__Material provided__:
**********

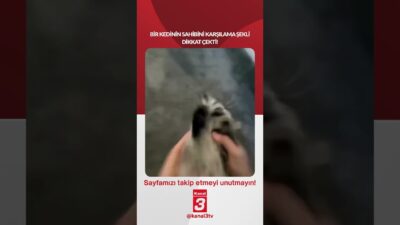 Bir kedinin sahibini karşılama şekli dikkat çekti! 📶https://kanal3.com.tr/ Sosyal Medya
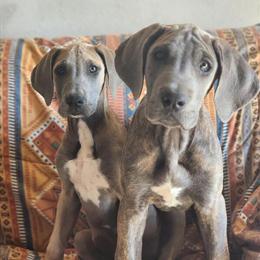 12 Week Old Great Dane Puppies Ready Now - AKC Registered in Ames, ia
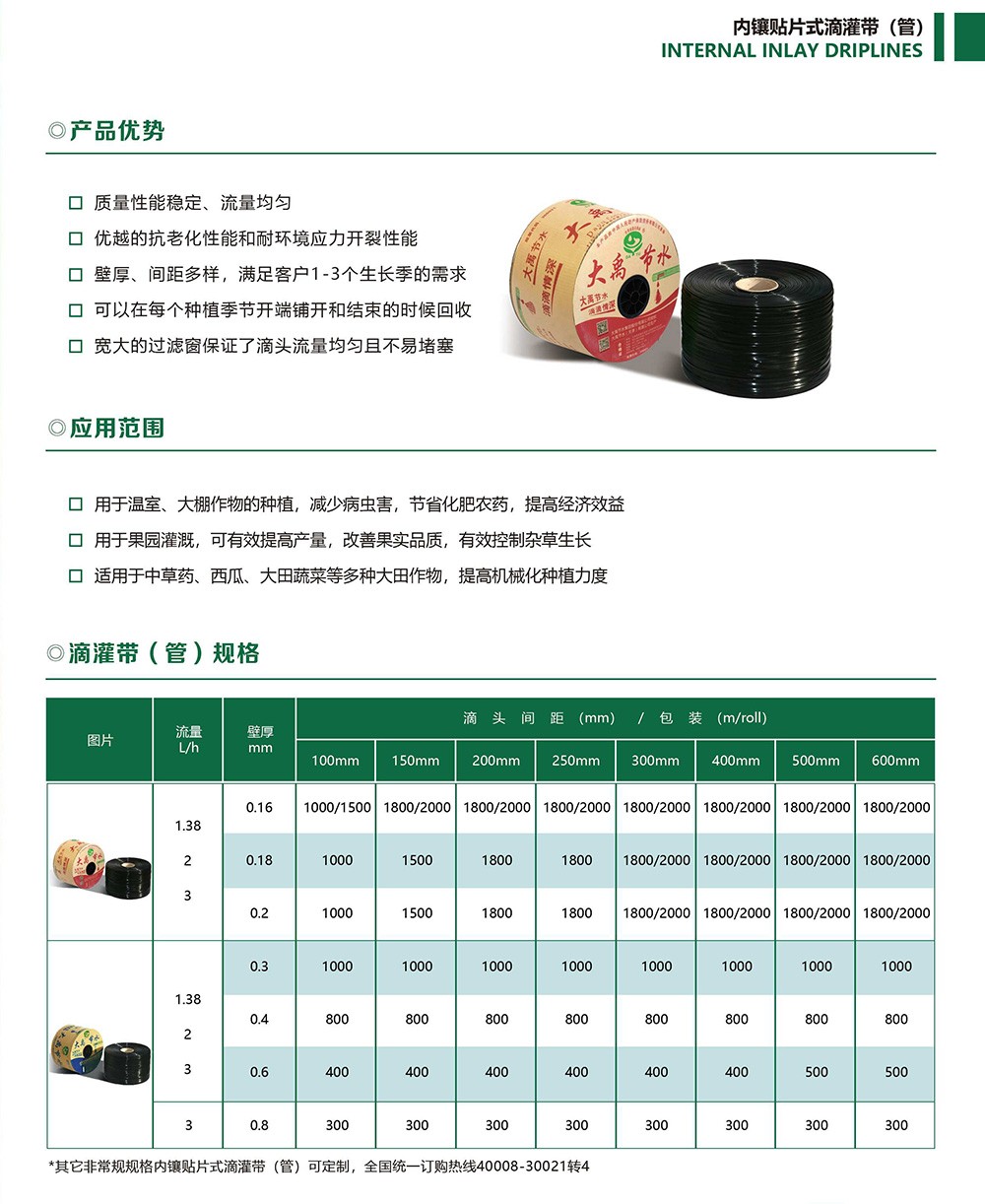 20241118155217_259043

**********

__Description of the task__:
In transcribing the lines above, omit the images and keep all else exact.

__Your solution__:
 Bir kedinin sahibini karşılama şekli dikkat çekti! 📶https://kanal3.com.tr/ Sosyal Medya
 12 Week Old Great Dane Puppies Ready Now - AKC Registered in Ames, ia
 20241118155217_259043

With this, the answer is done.